### TASK INSTRUCTIONS:
Go through the listing below and retype exactly the lines starting at the one with "Jonathan Adler Acrylic Elephants (2)" and ending at the one with "- изображение 9", skipping pictures.
--- DATA FOR REVIEW Enclosed Below ---
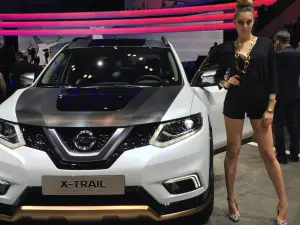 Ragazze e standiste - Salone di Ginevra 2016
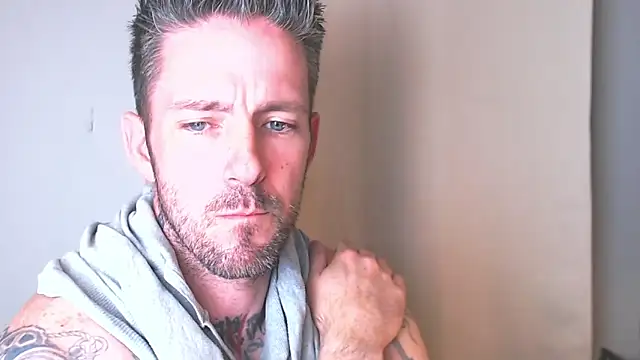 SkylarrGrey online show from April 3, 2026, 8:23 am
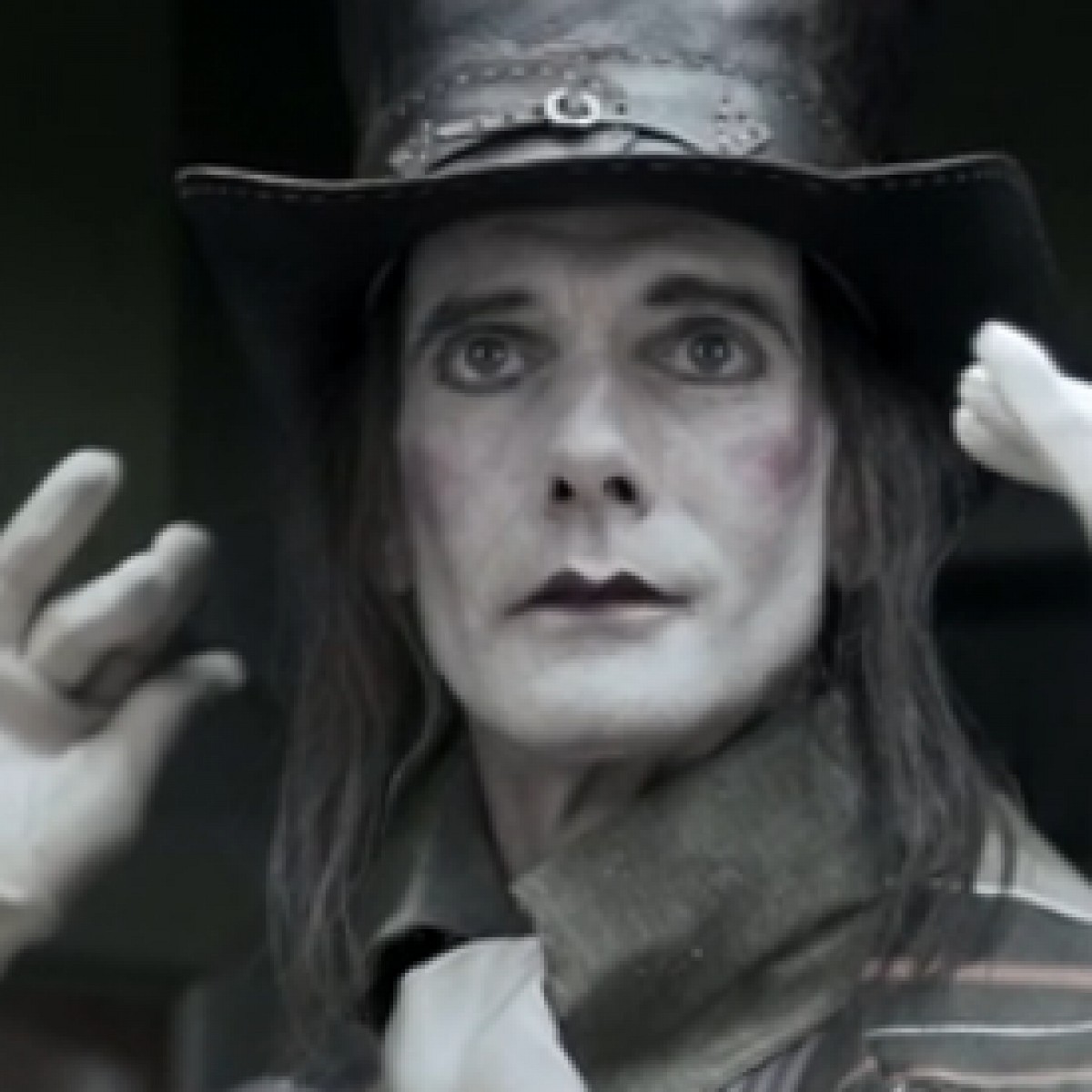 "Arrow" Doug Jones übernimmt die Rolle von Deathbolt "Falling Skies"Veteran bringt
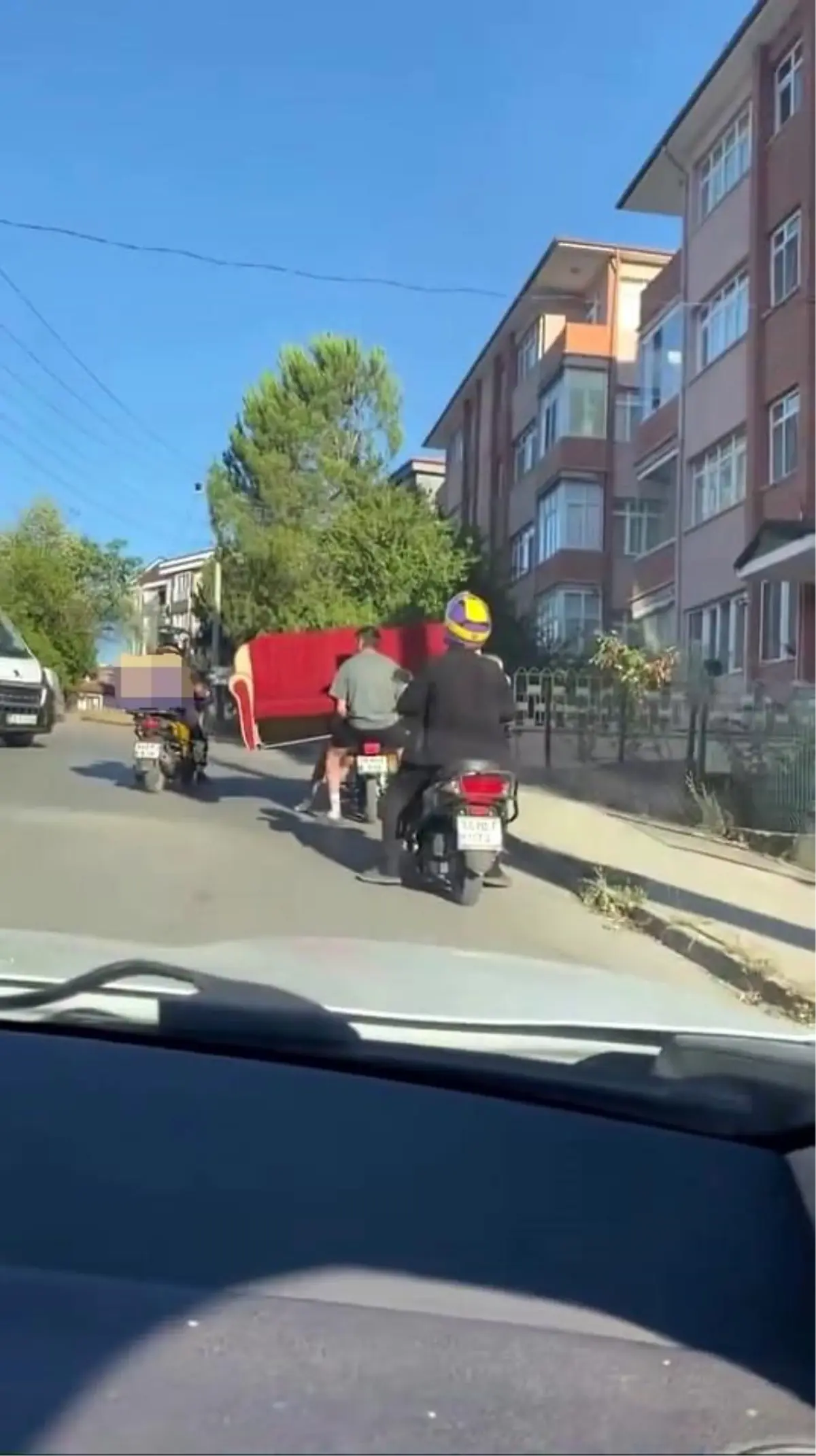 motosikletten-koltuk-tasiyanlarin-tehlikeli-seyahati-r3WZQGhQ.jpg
--- End of Enclosed DATA FOR REVIEW ---
--- DATA FOR REVIEW Enclosed Below ---
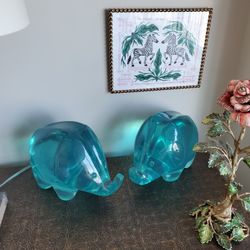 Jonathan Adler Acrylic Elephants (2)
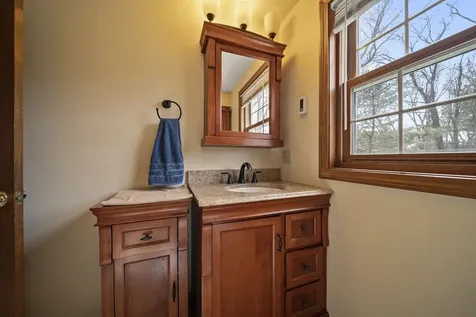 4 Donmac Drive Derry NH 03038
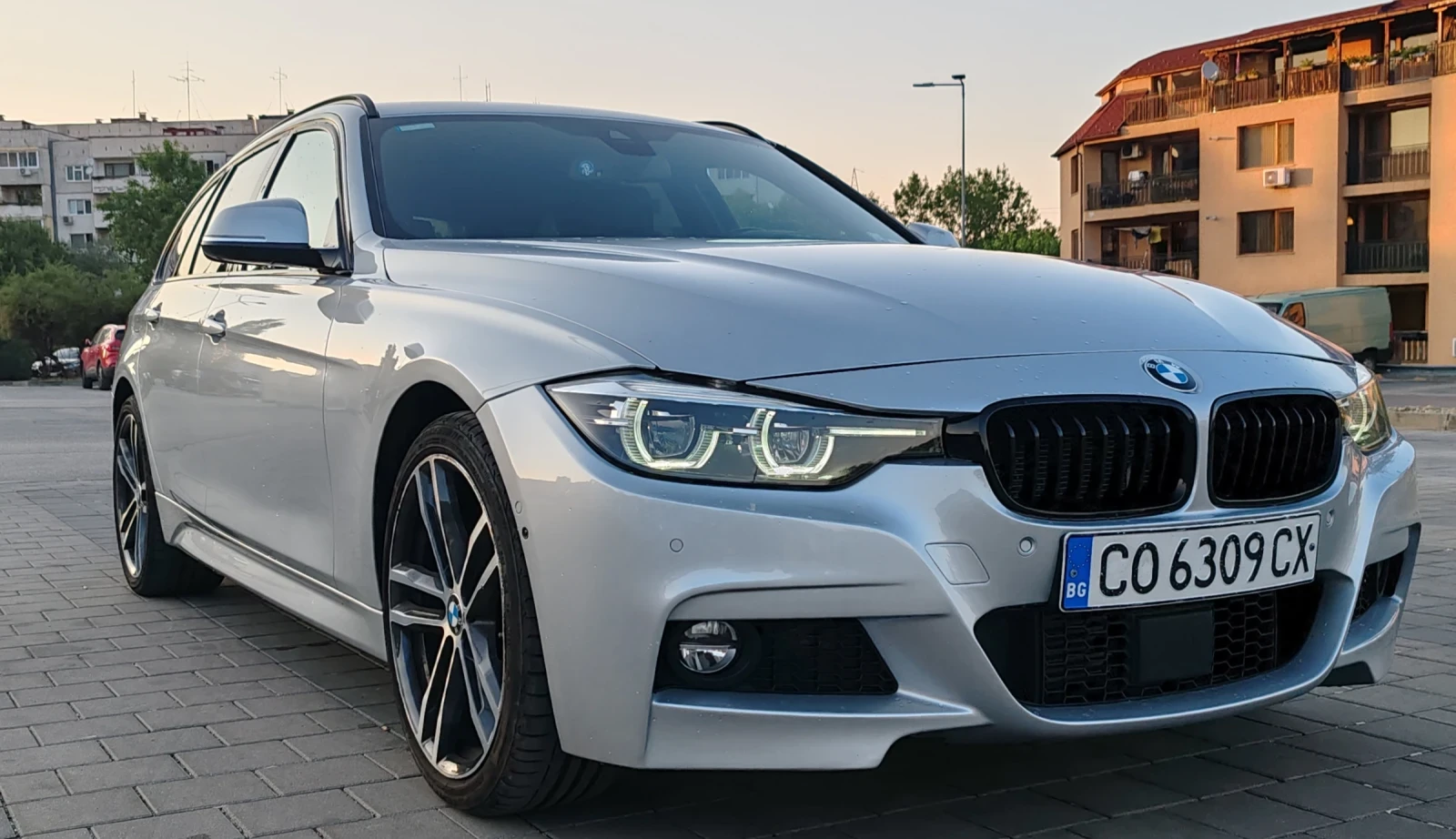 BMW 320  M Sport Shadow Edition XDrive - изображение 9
--- End of Enclosed DATA FOR REVIEW ---
### RESPONSE FOR THIS EXERCISE:
 Jonathan Adler Acrylic Elephants (2)
 4 Donmac Drive Derry NH 03038
 BMW 320  M Sport Shadow Edition XDrive - изображение 9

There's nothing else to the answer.